▶ **Problem to work on**:
Output only the lines that run from the line holding "あいたいぜったいしにたい拳法" to the end of the data below, including both ends, without any pictures.

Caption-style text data
==*==
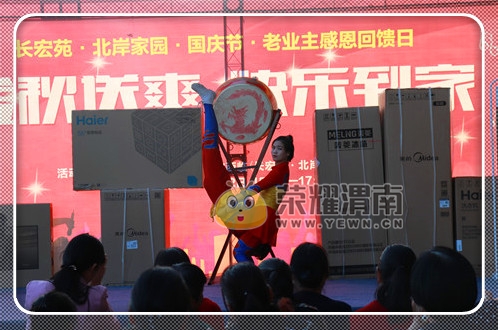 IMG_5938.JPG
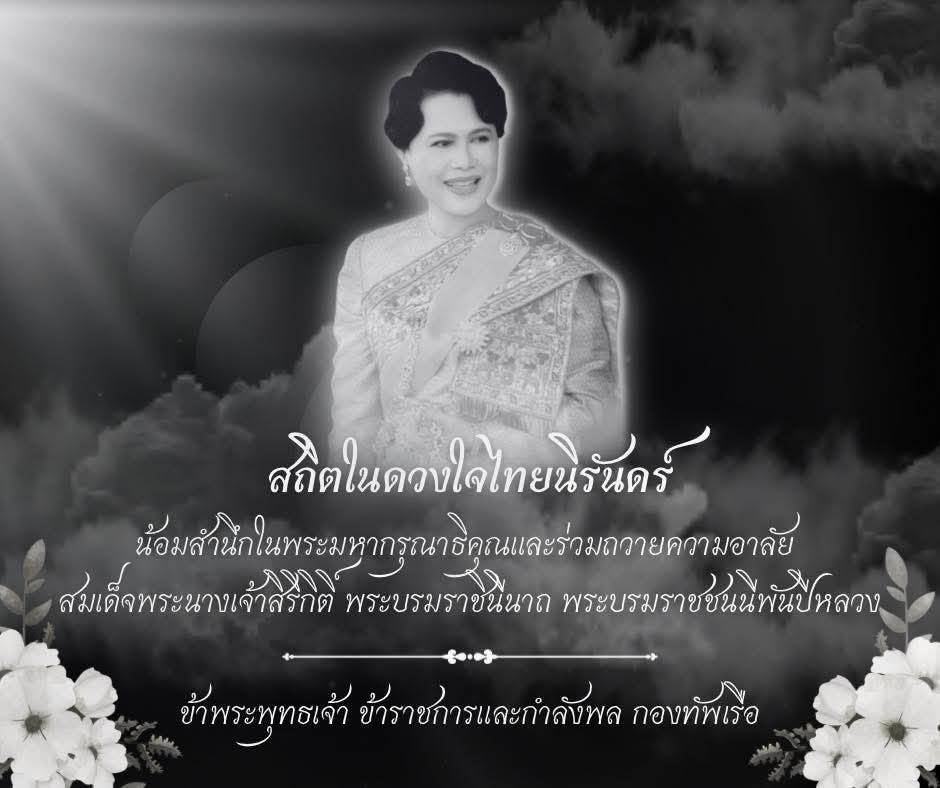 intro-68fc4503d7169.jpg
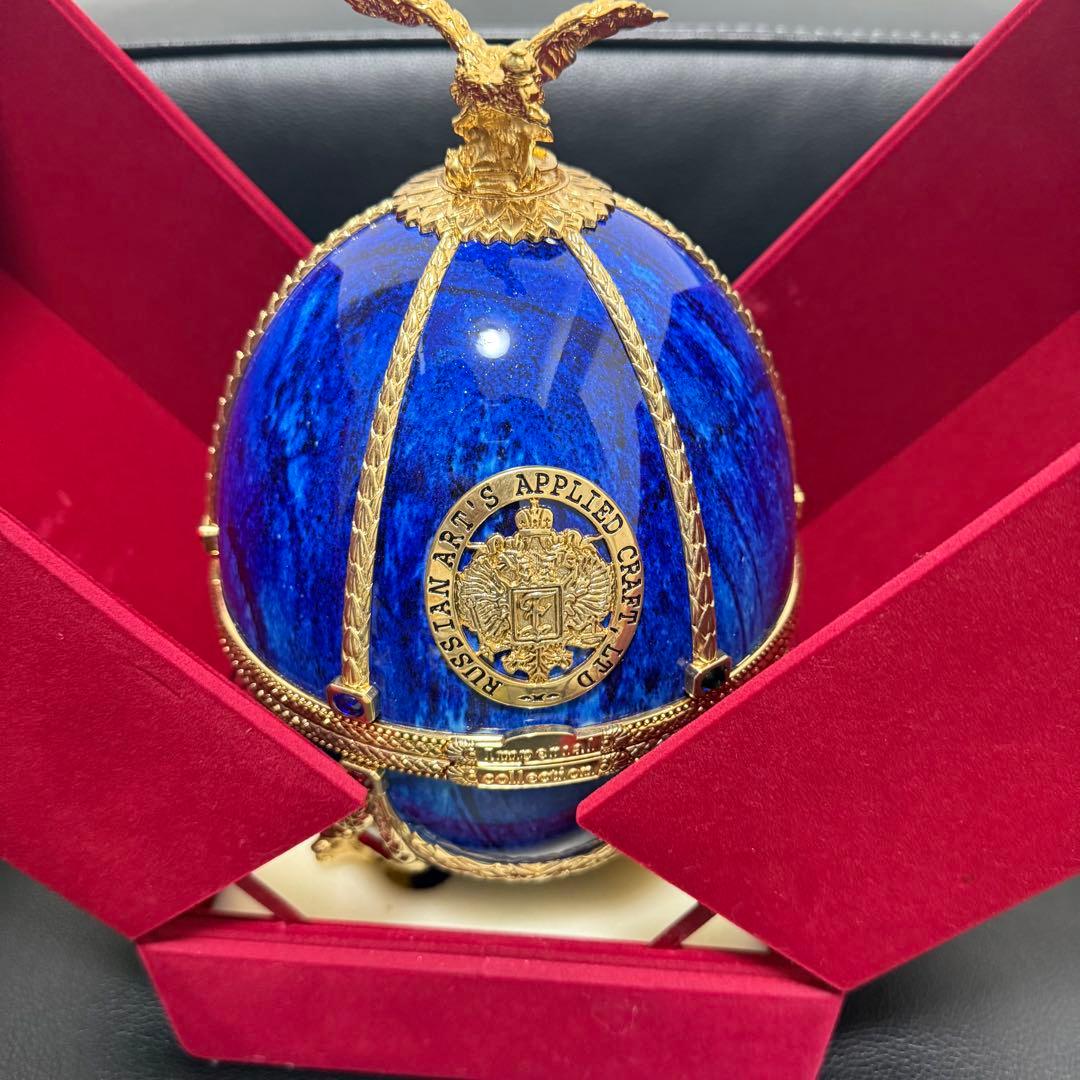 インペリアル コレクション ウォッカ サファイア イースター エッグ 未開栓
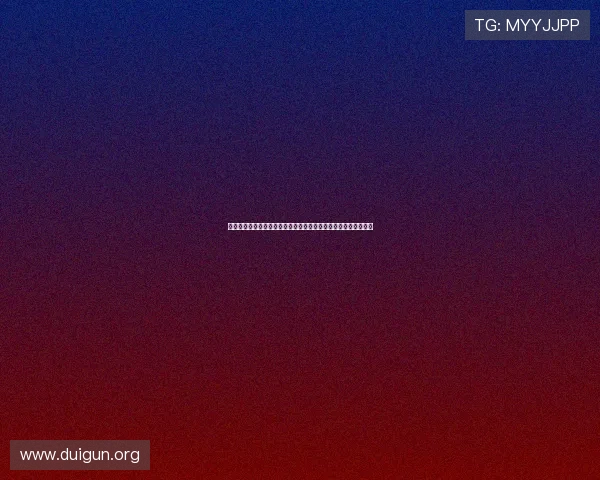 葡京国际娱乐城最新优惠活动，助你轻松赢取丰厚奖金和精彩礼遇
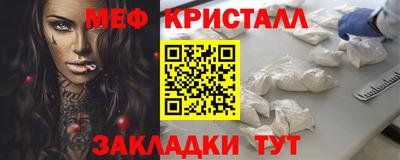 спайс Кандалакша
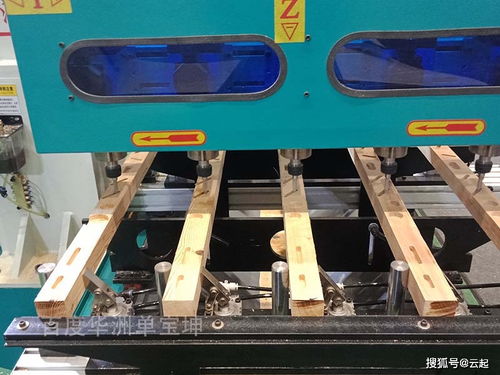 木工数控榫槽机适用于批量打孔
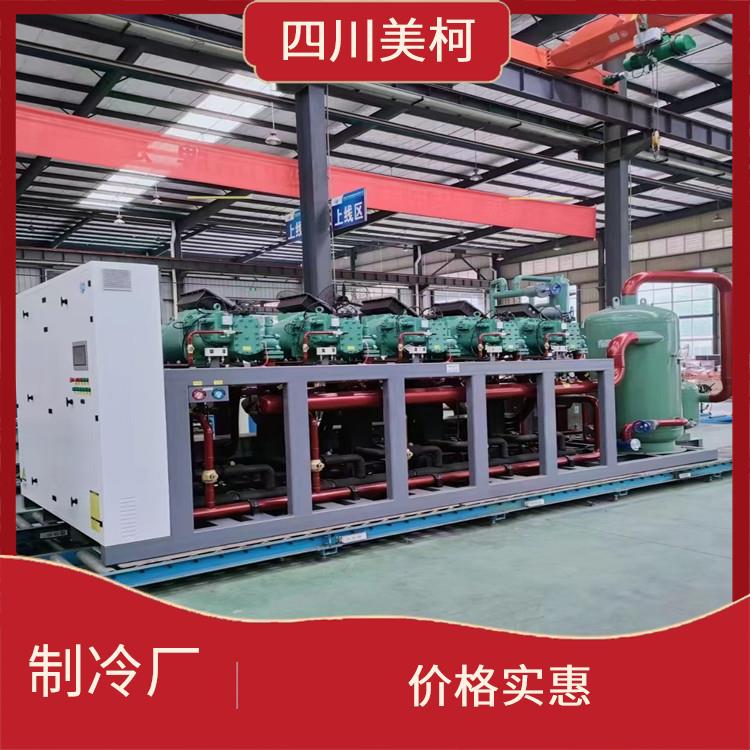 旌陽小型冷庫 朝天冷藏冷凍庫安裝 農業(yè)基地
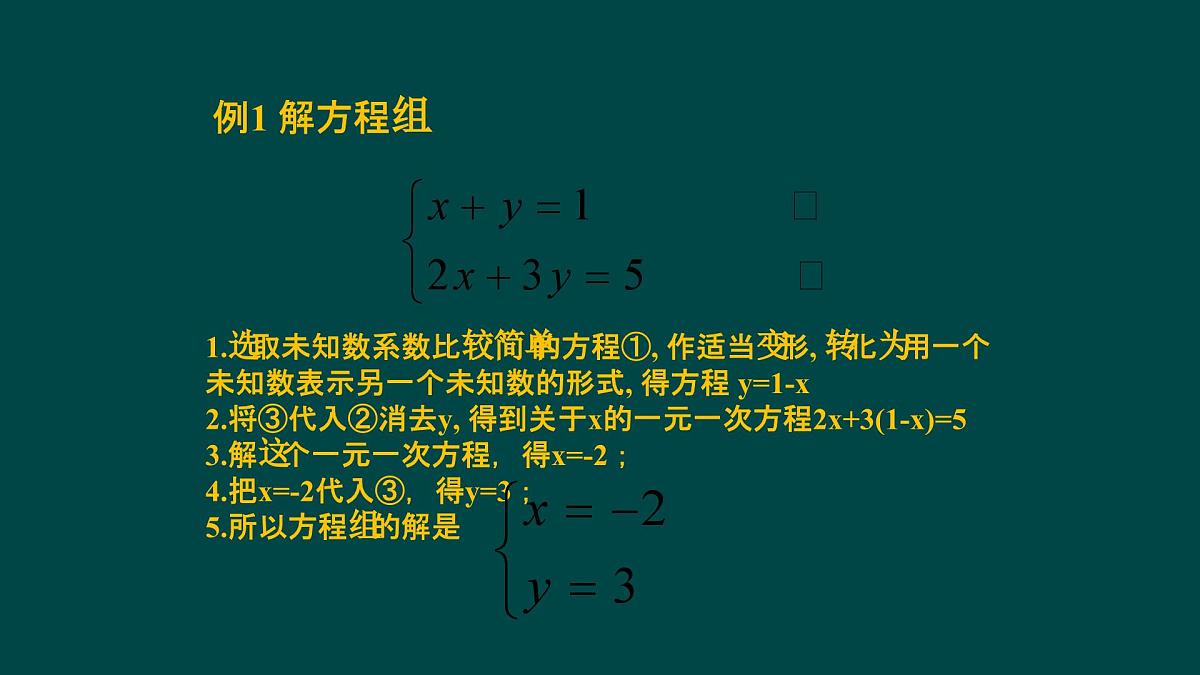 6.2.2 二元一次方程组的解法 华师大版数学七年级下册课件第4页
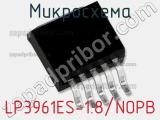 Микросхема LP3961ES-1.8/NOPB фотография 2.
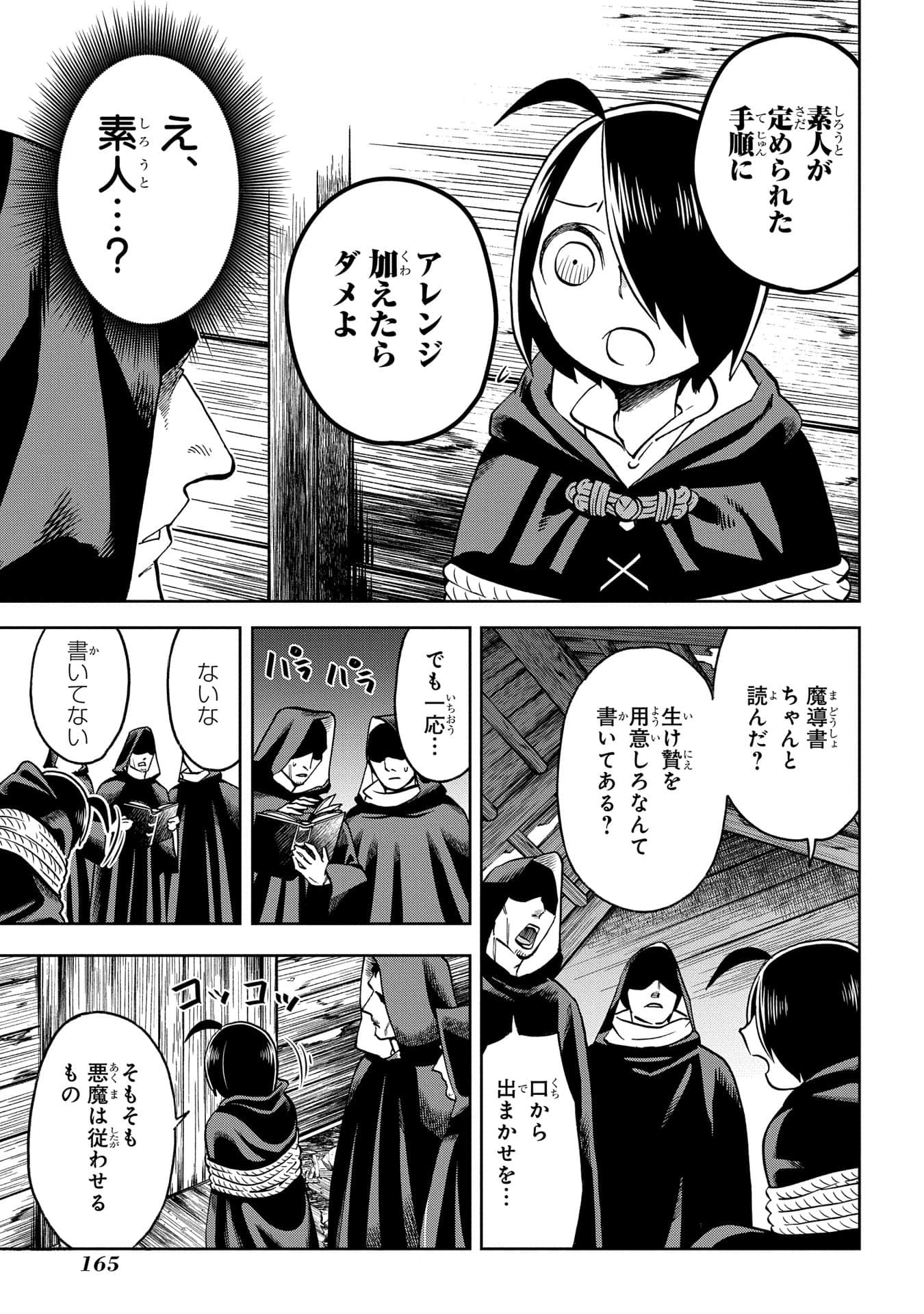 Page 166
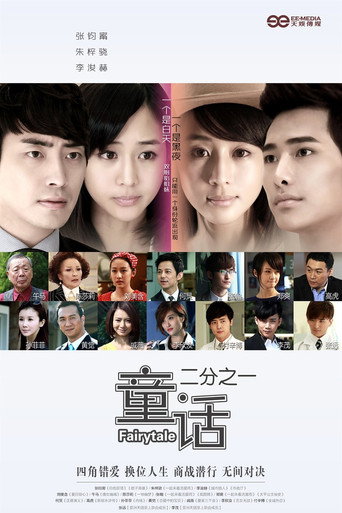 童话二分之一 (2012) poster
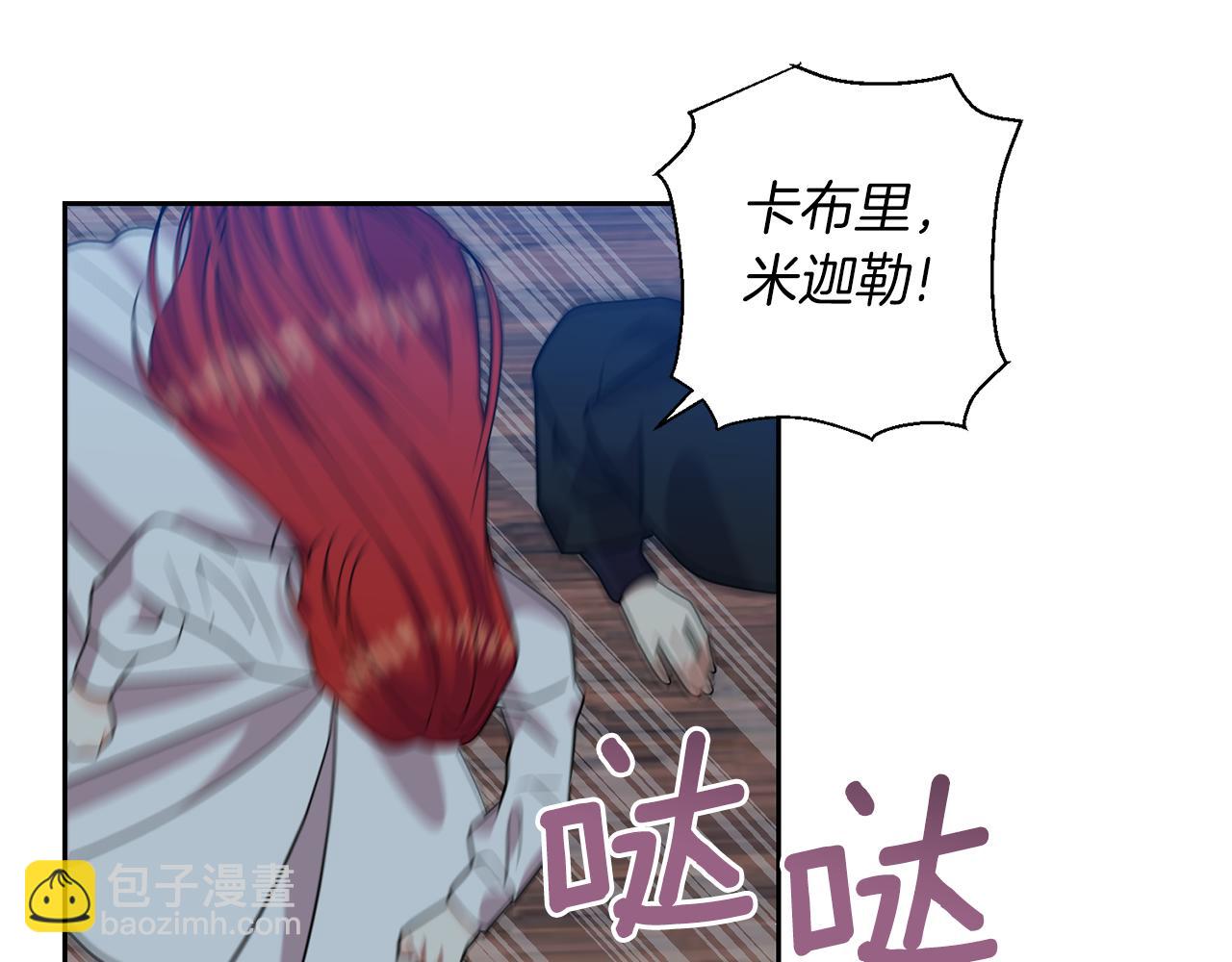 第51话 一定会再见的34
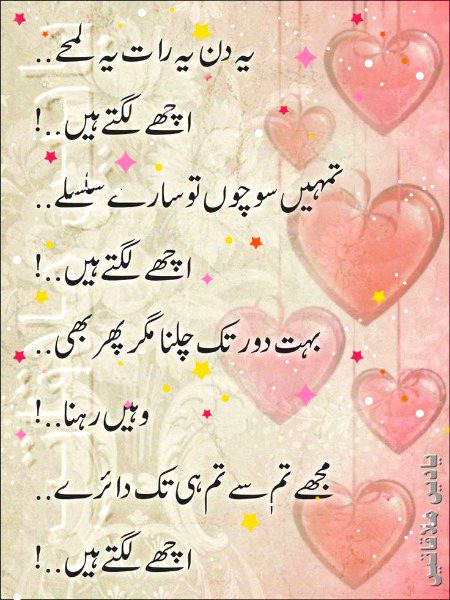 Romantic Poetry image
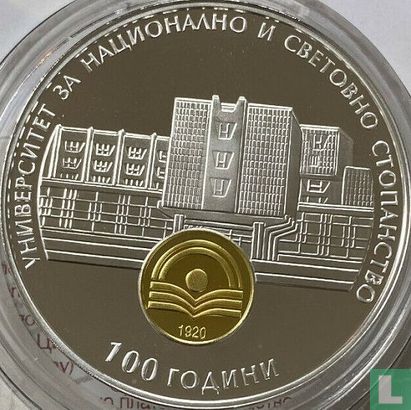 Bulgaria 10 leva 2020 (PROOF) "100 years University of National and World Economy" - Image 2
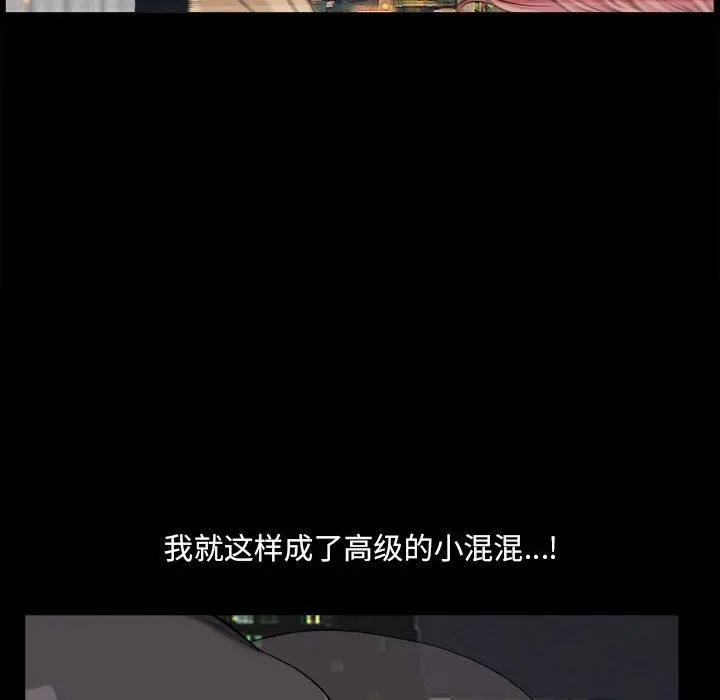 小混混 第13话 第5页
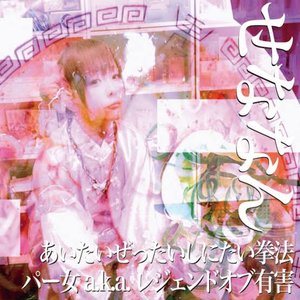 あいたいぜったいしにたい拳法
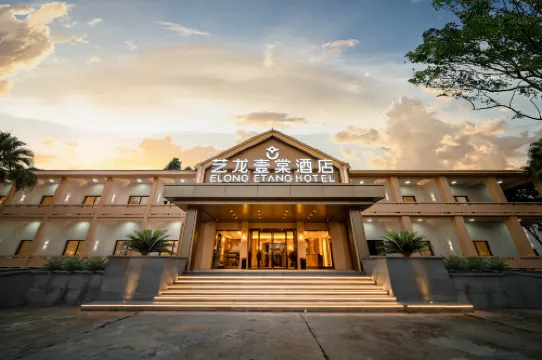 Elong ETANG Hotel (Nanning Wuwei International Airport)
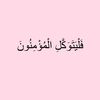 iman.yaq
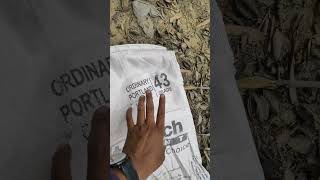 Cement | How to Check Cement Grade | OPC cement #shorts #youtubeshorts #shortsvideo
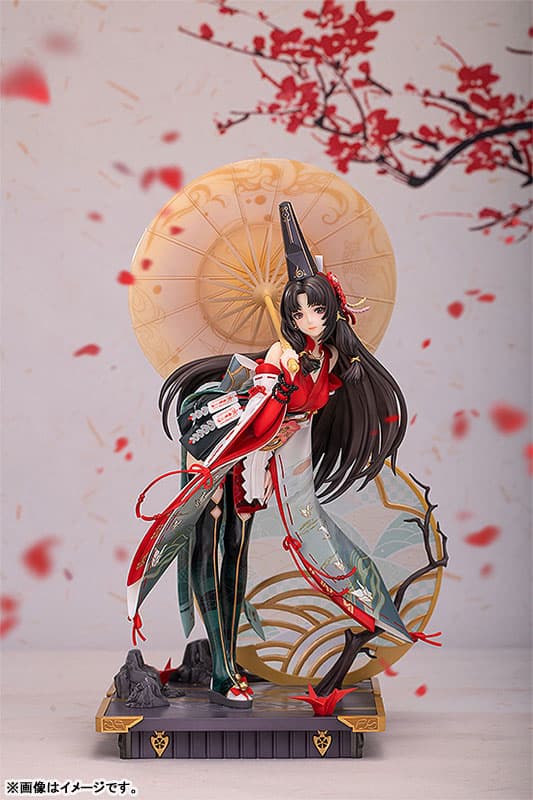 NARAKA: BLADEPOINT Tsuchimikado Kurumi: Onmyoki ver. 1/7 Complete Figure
==*==
▶ **Exercise response**:
 あいたいぜったいしにたい拳法
 Elong ETANG Hotel (Nanning Wuwei International Airport)
 iman.yaq
 Cement | How to Check Cement Grade | OPC cement #shorts #youtubeshorts #shortsvideo
 NARAKA: BLADEPOINT Tsuchimikado Kurumi: Onmyoki ver. 1/7 Complete Figure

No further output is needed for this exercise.